The film begins with an admonition to create the illusion: what you’re about to see was admitted into evidence by the police the day after it was filmed. Two friends, Nathan and Samantha, with a little help from Samantha’s little brother, spend a day making an audition tape for their favorite reality show. Wired for action, they tour their favorite haunts, even Samantha’s workplace. On the road, headed to another location for filming, they spot a car with a license plate matching the one flashed across a freeway amber alert. At first, they do the logical thing and call the police. They do their best to follow the car at a distance, but the police are too many minutes away, separated by a growing number of miles.
The suspect car stops for gas; Nathan and Samantha park in an adjoining lot to keep tabs. Now, here’s where the movie lets you know it’s a contender. As soon as the driver of the car heads into the convenience store, Samantha rushes in for some quick recon. One of the car’s rear windows is open just a crack, and she sees a little girl asleep on the backseat. On the impulse of some very quick and creative thinking, Samantha remembers she’s wired, and tosses her mic in the car. Now they have an ear inside the car, and everything unfolds from that point in ways both expected and unexpected.
While the film hits a few familiar beats, it works in some clever surprises, each of which build on earlier set ups with admirable precision. A lag in the second act probably has more to do with an inherent pitfall of the found-footage gag. Everything has to look natural to pull off the illusion, and the film succeeds at this so well that Nathan and Samantha start to get a little petulant and annoying. In other words, they sound like ordinary people under duress.
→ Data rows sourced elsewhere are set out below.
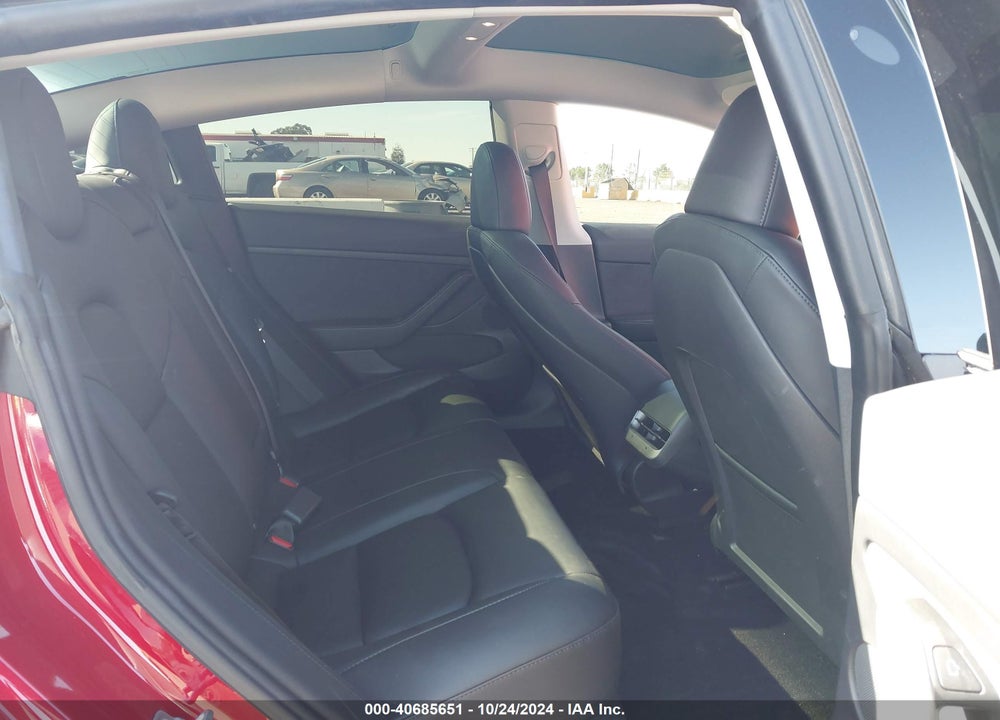 2023 TESLA MODEL 3 VIN: 5YJ3E1EA5PF697263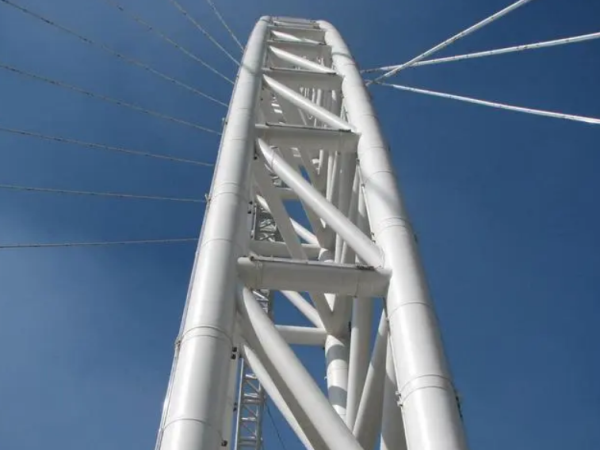 江门​管桁架加工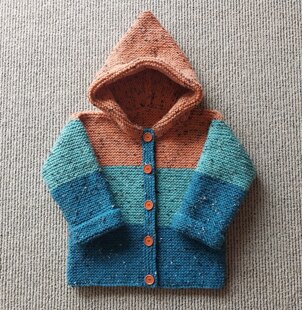 Childs Hoodie 1214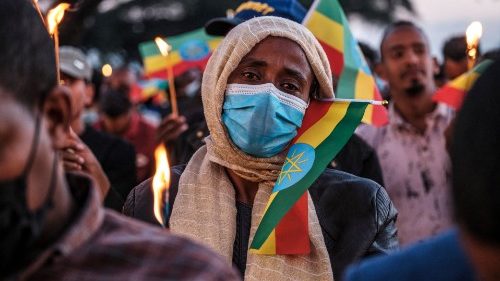 Etiopia, Acs: appello alla pace di un missionario in fuga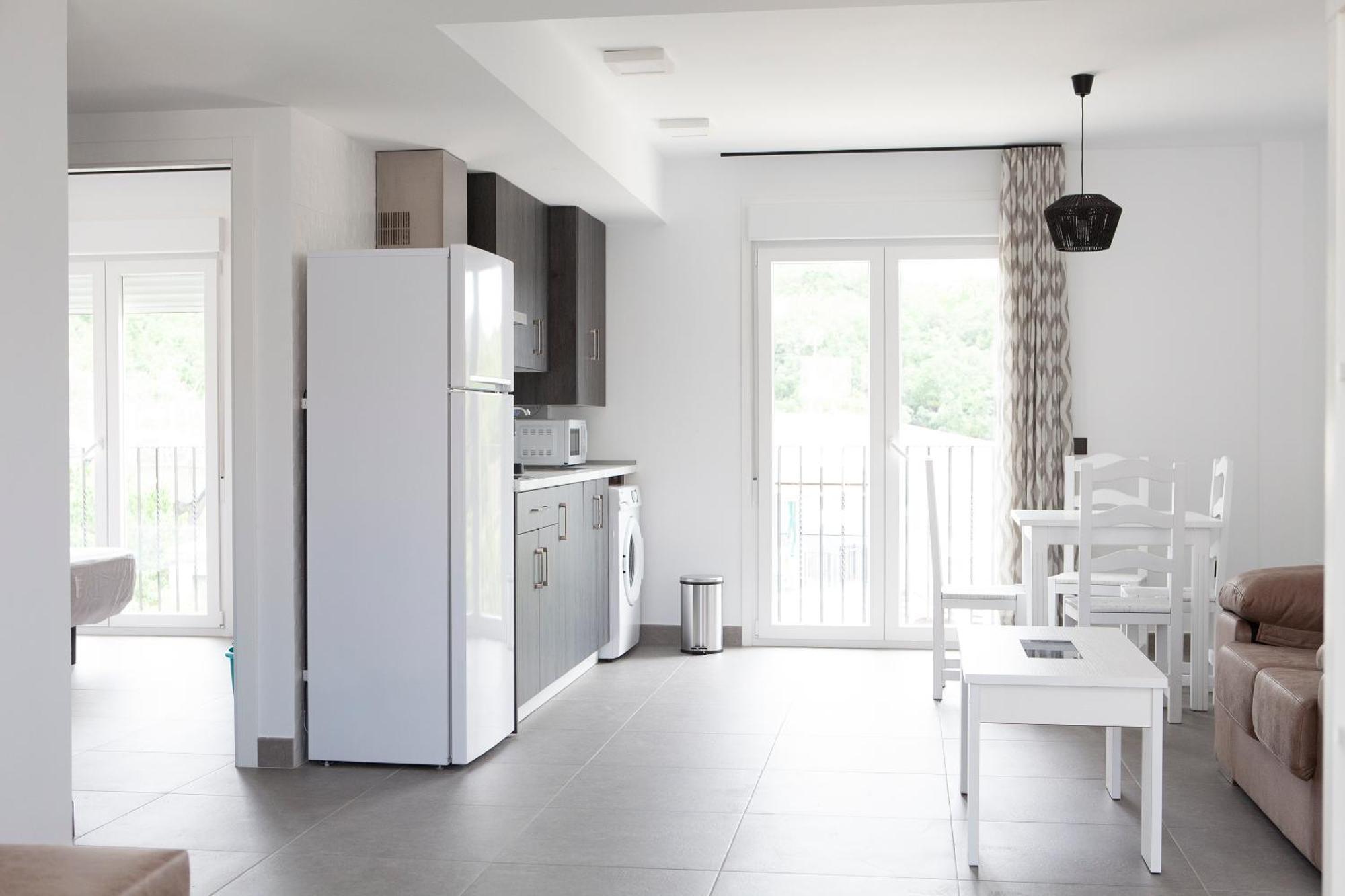 Apartamentos El Chorrilllo อัลมายาเต วาโค ภายนอก รูปภาพ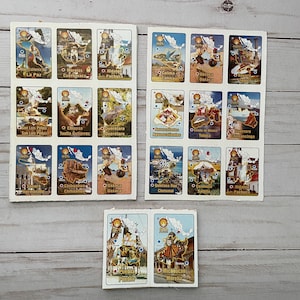 Republica Mexicana Mexican States Loteria Mexican Game Bingo Party Favor Piñata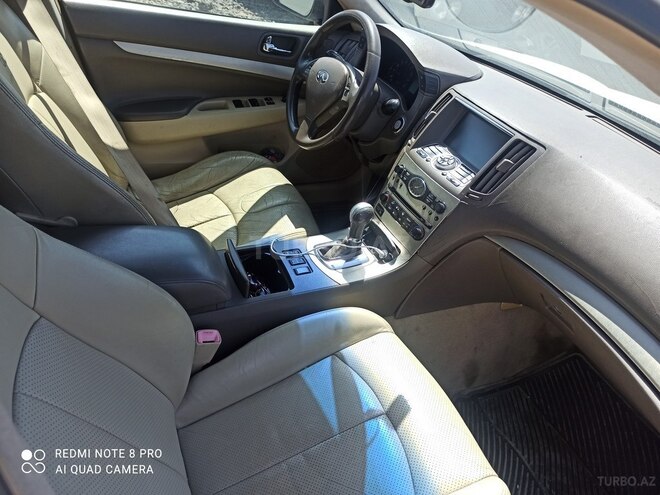 Infiniti G35 2008, 278,417 km - 3.5 l - Bakı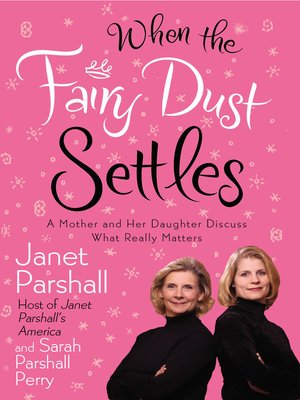 cover image of When the Fairy Dust Settles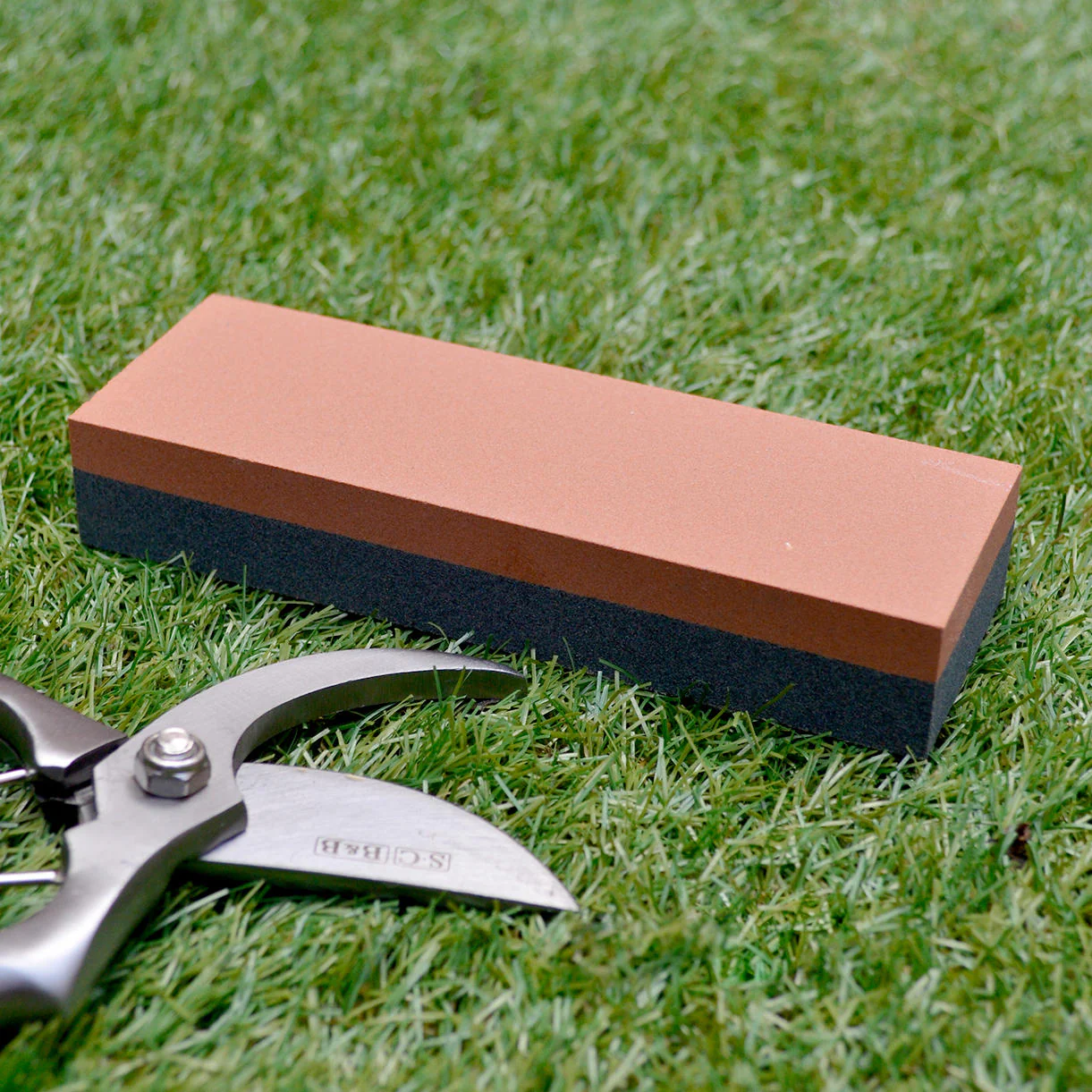 Traditional Sharpening Stone Block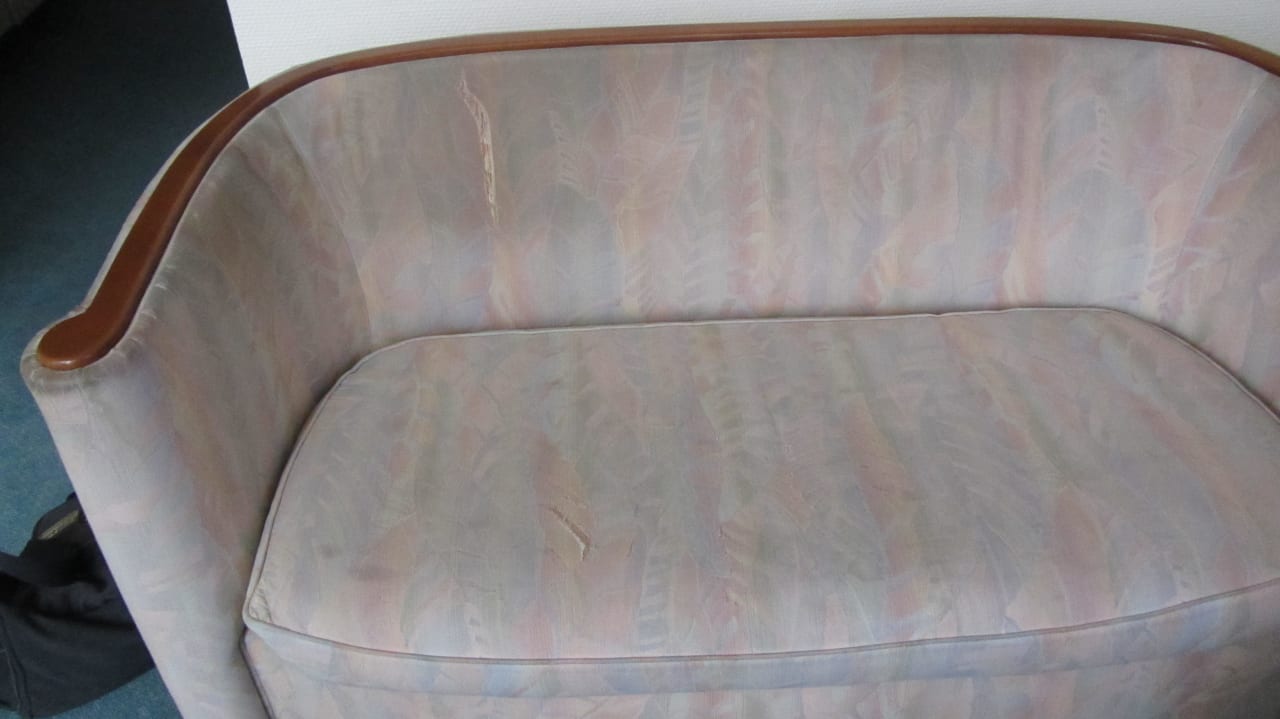 Sitzecke acom Hotel Berlin Kurfürstendamm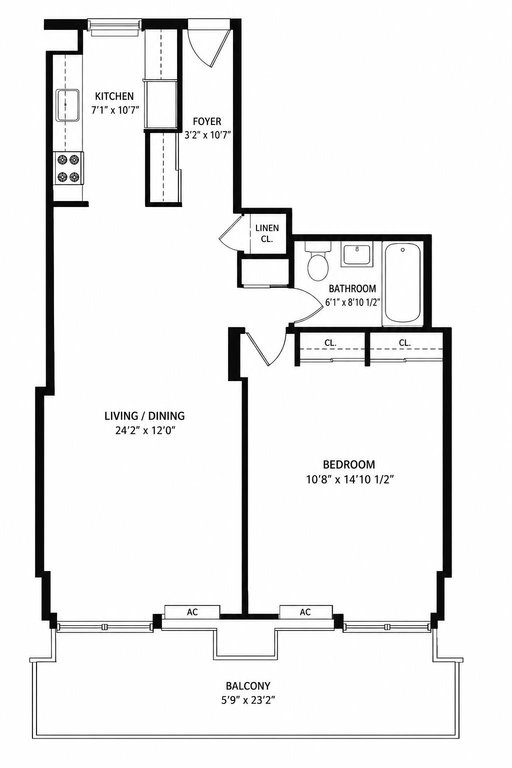 100 West 94th Street, Unit 17D photo 20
Nothing in the first two acts looks overly rehearsed, except the pieces where Nathan and Samantha perform for the camera as part of their audition. Everything else looks natural, so much so that I want to believe the performers ad-libbed most of the film. Samantha’s little brother Caleb takes a literal back seat to most of the action, but the film puts him to good use. As cameraman, his voice only intrudes here and there to ask a question the audience needs answered, like why they keep filming. He’s a good conduit, and that small moment in particular provides some solid interior logic for the story, as well as a glimpse into how Samantha’s mind works.
Samantha emerges as the best thing about the film; a creative, determined heroine who has to struggle to pull her friend along with her. Nathan struggles with an number of insecurities, all of which linger under the surface until this crisis forces everyone to have to deal with them. He’s given many chances to muster his courage and fails at every single one of them. When the chips are down, though, Nathan finally forces himself to step up. By that point, however, we’re forced to wonder if things may have gone differently had he made the decision to man up a little earlier.
The final minutes resort to a bit of a cheat to manufacture suspense on top of what the film has already achieved. The film tries to give it a logical explanation, but it’s the only time the film switches from looking like something spontaneous to something crafted and manufactured. With a little tweaking, even one added line of dialog, it might have made more sense. As it is, it loses a small amount of well-established momentum leading up to ten final seconds that punch the wind right out of you.